- _WORKING DATA_
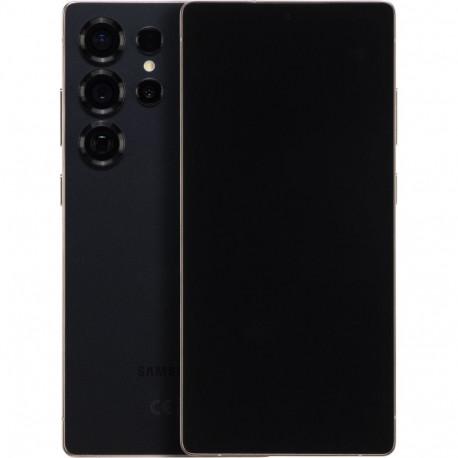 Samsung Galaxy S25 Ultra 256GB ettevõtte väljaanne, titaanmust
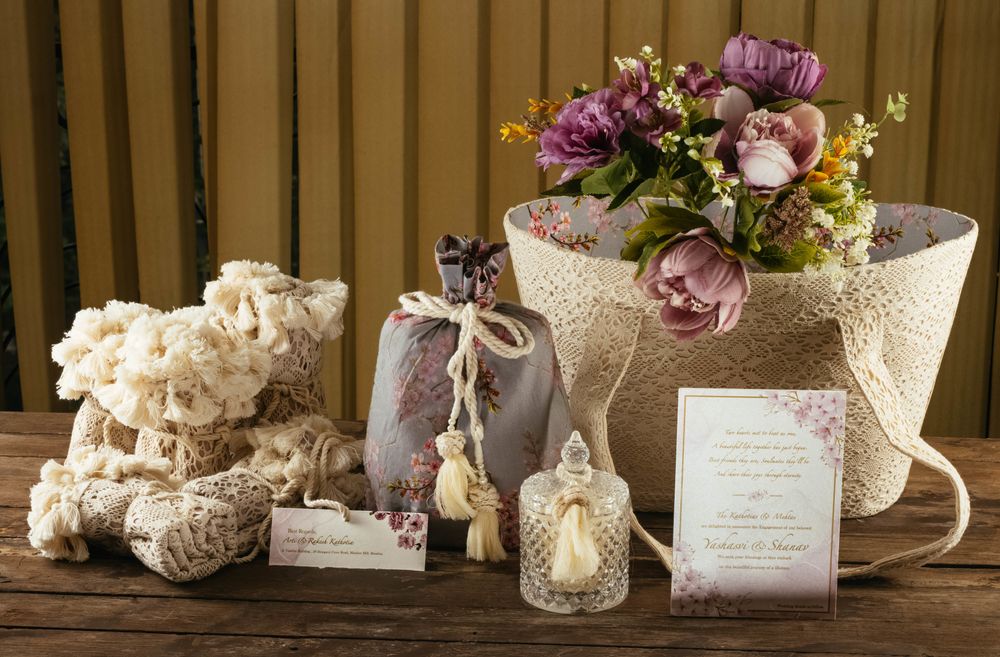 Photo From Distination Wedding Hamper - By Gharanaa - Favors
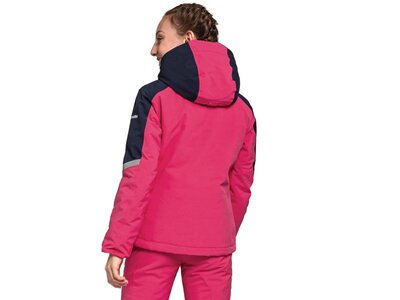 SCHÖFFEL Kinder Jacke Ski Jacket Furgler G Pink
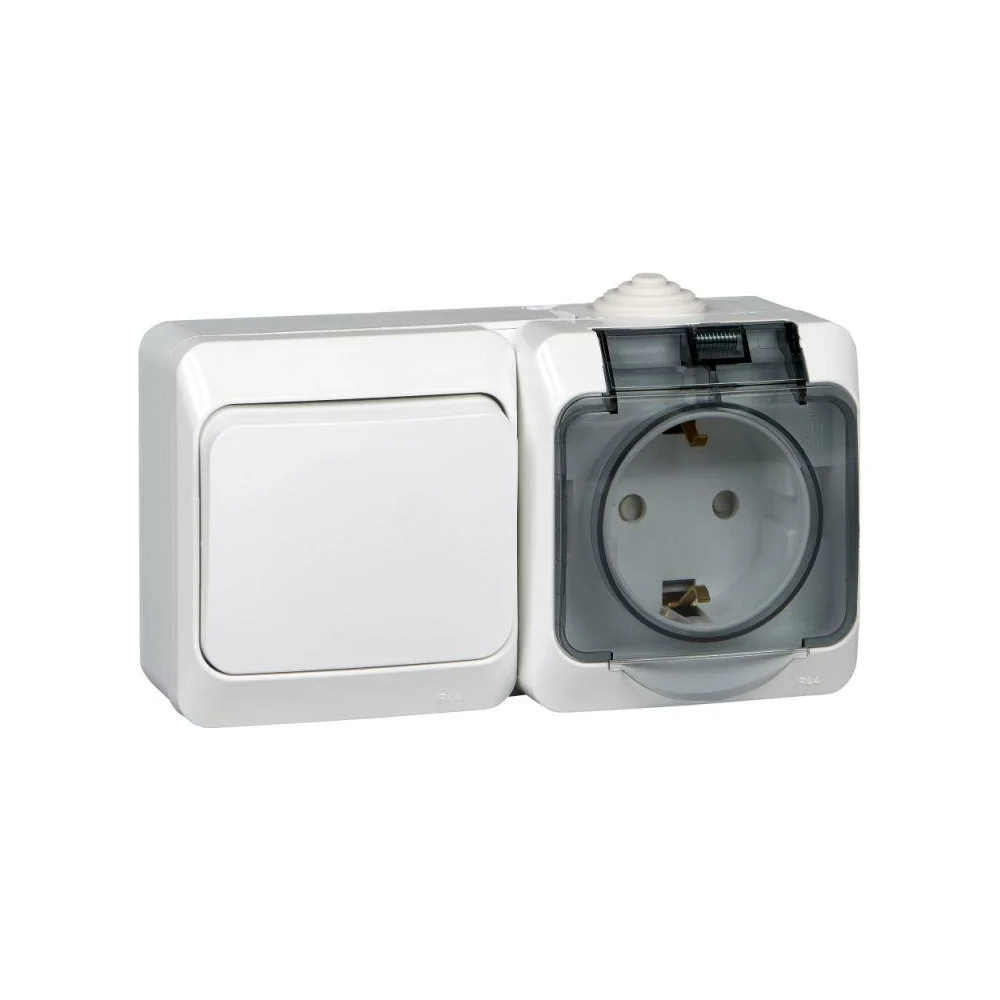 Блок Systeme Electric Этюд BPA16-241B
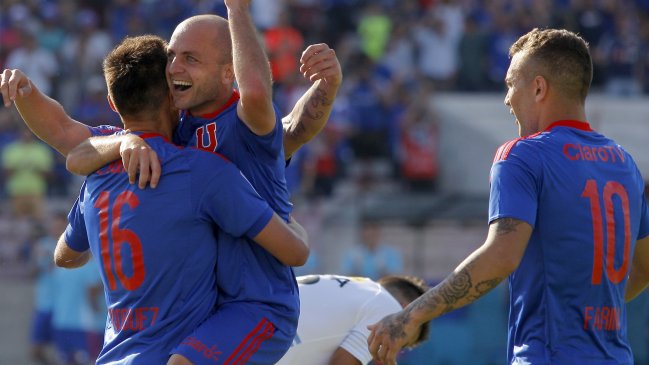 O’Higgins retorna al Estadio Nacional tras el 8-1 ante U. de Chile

- _TASK REQUIREMENTS_
The expected output is an exact retyping of the lines from the line with "Photo From Distination" through the last line of the data, with both ends kept and the pictures dropped.

- _SOLUTION TO THIS EXERCISE_
 Photo From Distination Wedding Hamper - By Gharanaa - Favors
 SCHÖFFEL Kinder Jacke Ski Jacket Furgler G Pink
 Блок Systeme Electric Этюд BPA16-241B
 O’Higgins retorna al Estadio Nacional tras el 8-1 ante U. de Chile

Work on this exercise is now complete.